Kibarian: Yes, there are hundreds of IP blocks with parametric data, and you’re looking at burn-in test results. This allows you to understand those relationships. The nice thing about all of the automation with AI in the test world, as opposed to the front-end world, is that you have lots of labels when you’re training. You can go back and train wafer sort to be more sophisticated because you know which chip passed what test, and your modeling is quite good.

SE: How opaque is training data today? And is that a problem?

Kibarian: We got into the analytics business because we were building yield. So we had pattern recognition and AI algorithms in the late 1990s and early 2000s. A lot of that came out of research at Carnegie Mellon, which was all about applying learning. This was AI 1.0. We built up these sophisticated algorithms, and they were hard to use because you really needed to understand something about the algorithms and statistics and data science and process integration. It’s very hard to find folks with that cross section. Small tweaks on the algorithms give you wildly different results. But the problem you have with AI in the fab is that you’re collecting data off an etcher or CMP tool, and you don’t know whether that wafer is good or not until you get to the end of the line — and there are probably 500 processing steps. So it can go bad for a lot of reasons.

SE: Where else did you see problems?

Kibarian: When we gave AI to the factories, what they found was that labeling data is tough. So we took those sophisticated algorithms and used them to label data and train AI. So now you have collaborative learning on top of a neural network.
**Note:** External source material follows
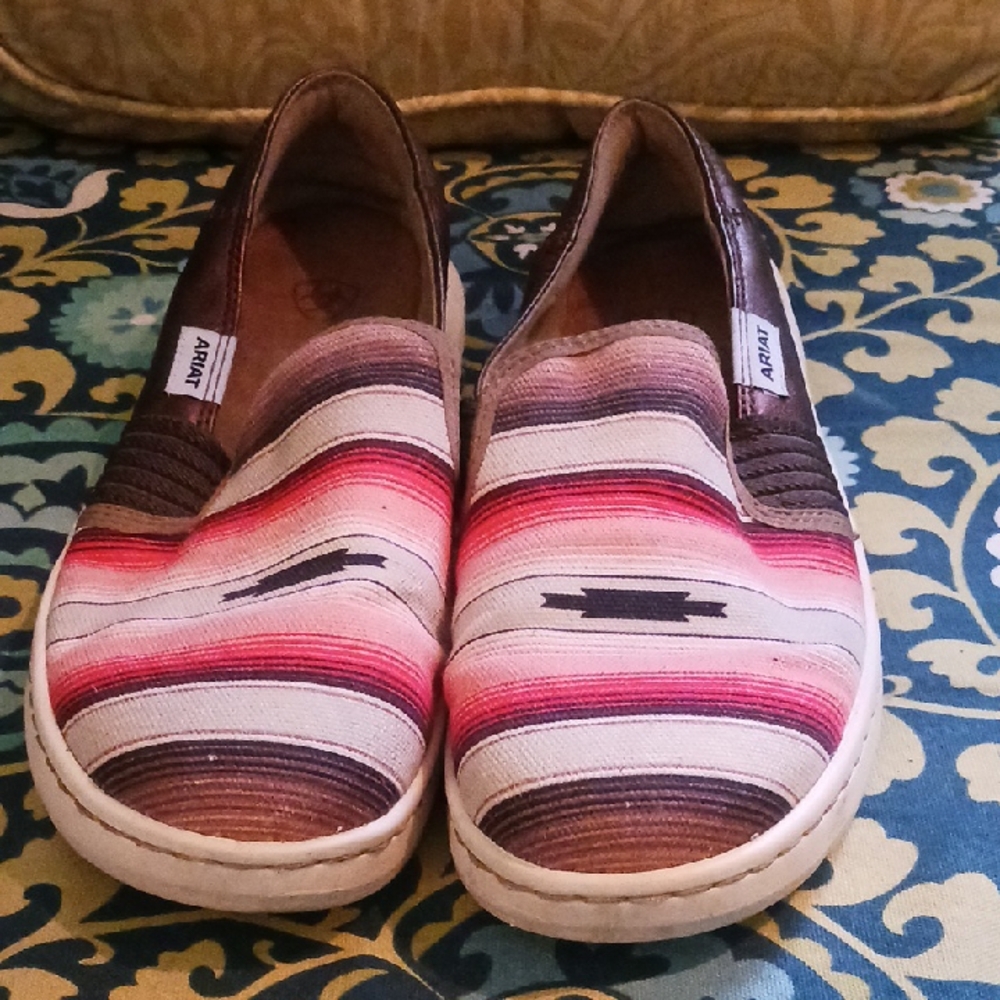 Ariat Cruisers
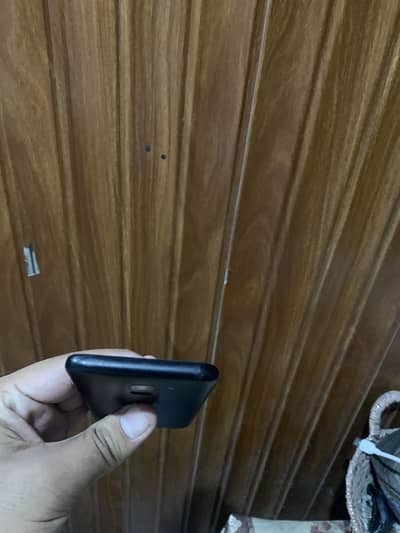 Samsung Mobile J6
It suggests more things to you. You can use AI to train algorithms. AI can mimic those algorithms very effectively. That allows the engineer to say, ‘That’s kind of right, but I want to see how it classified everything.’ So they can take that knowledge and improve the model. You no longer need to be a data scientist or AI expert to use this stuff. You want to make it so a semiconductor professional can go in and tune it to get that last little bit of productivity. With collaborative learning, you can get that extra 5% or 10% and get it tuned to what your best expert will tell you the company can do. That’s a big breakthrough.
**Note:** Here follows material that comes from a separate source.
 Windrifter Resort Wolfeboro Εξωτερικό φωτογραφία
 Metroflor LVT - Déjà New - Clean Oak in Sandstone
SE: So now you’re customizing algorithms for your specific needs?

Kibarian: Yes, and some of our customers have engineers who are really skilled at that, and a bunch that are not. Now, if the skilled ones are allowed to look at how the algorithms are classifying outliers and tuning it, that can be given to all engineers across the organization and everyone’s ability is elevated.

SE: How do you keep track of all the changes?
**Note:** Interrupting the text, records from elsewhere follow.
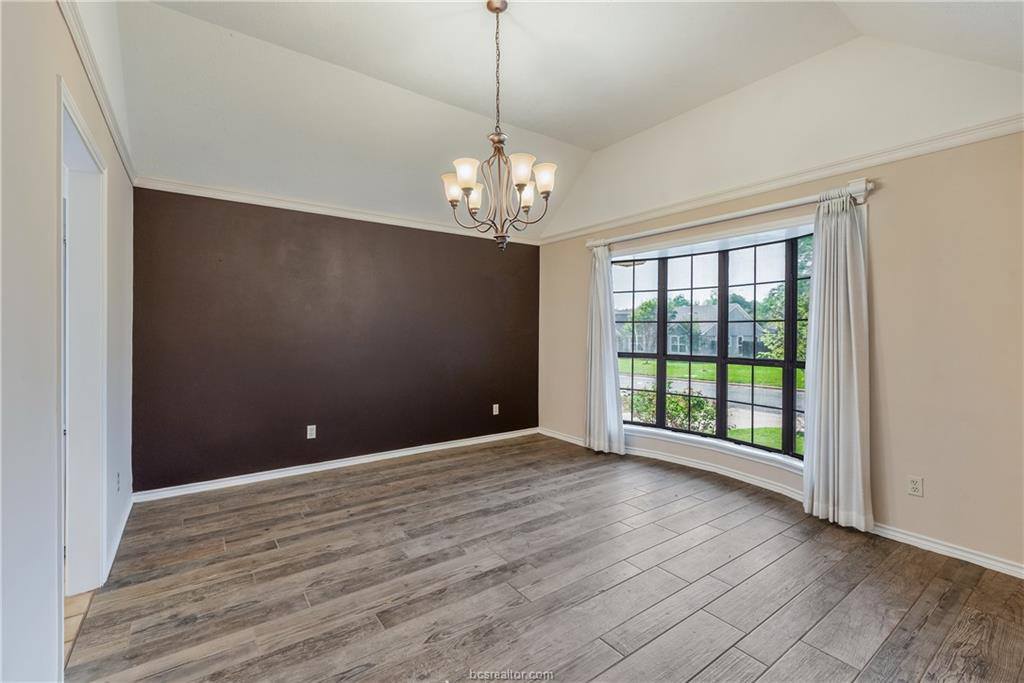 1806 Rosebud Court, College Station, TX 77845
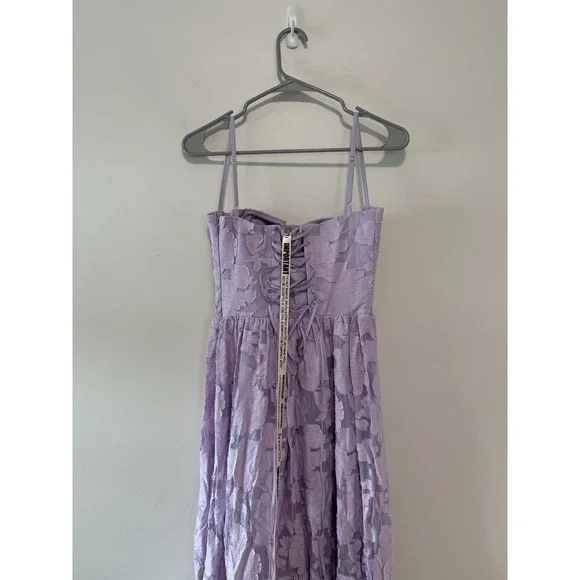 House of CB NWT Mira Orchid Floral Jacquard Tiered Lilac Midi Dress Size XS - Picture 8 of 12
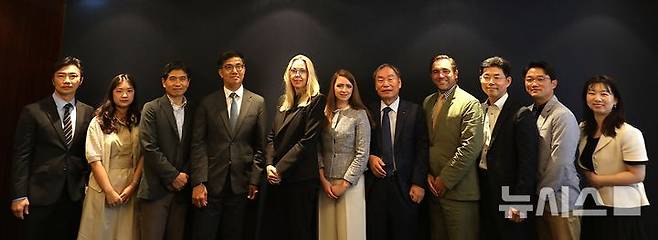 [서울=뉴시스] 왼쪽부터 강승룡 한국중견기업연합회(중견련) 상무, 김서연 피앤에스네트웍스 해상영업전략팀 매니저, 송상현 오텍오티스파킹시스템 해외사업부 이사, 손영동 피앤에스네트웍스 해상영업전략팀 팀장, 앤티아 앱쇼프 버지니아주 경제개발청 부대표, 코리 보보스 댄빌시 경제개발·관광부 국장, 박일동 디섹 회장, 매트 맥래런 체스터필드 카운티 경제개발부 부국장, 송용훈 삼진일렉스 경영지원본부 신재생본부 부사장, 유선 헤라켐테크놀러지 대표이사, 박은영 버지니아주정부 한국사무소 이사. (사진= 한국중견기업연합회 제공)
Kibarian: Those customers restrict who is allowed to ‘like’ and ‘not like’ information. When you apply AI and machine learning into test and process engineering and assembly and front-end packaging, you’re allowing engineers to operate at a higher level. You’ll see better productivity in those organizations, and make chips available in more end markets and grow the pie.

SE: So what is you’re biggest challenge going forward?

Kibarian: If you go from the outside in, there is significantly more geopolitical risk in the industry than there was 18 months ago, and it’s on a trajectory to never go back to the way it was. It may cool down, but we built our industry as an intertwined world. That was one of the fun things about the industry because you felt akin to people all around the world with a common language about chips and circuits. We all still want that, but if you look at the way the world is going, it’s bifurcating. That’s going to be very damaging to the industry as a whole. At the semiconductor level, AI was overhyped and fizzled out in the 1980s and 1990s because people didn’t appreciate all of the change management required. You didn’t understand what the metrology or the SPICE model would look like. My fear today is that we are doing far more sophisticated things today, but it requires change management inside of organizations. Business processes need to be set up to be native on data. We collect lots of data. If you’re going to be doing data-based manufacturing, you have to configure an organization around that. If you’re going to keep doing what you’ve been doing and apply AI to that, you’re going to throw away tremendous value. That would be detrimental to the whole industry.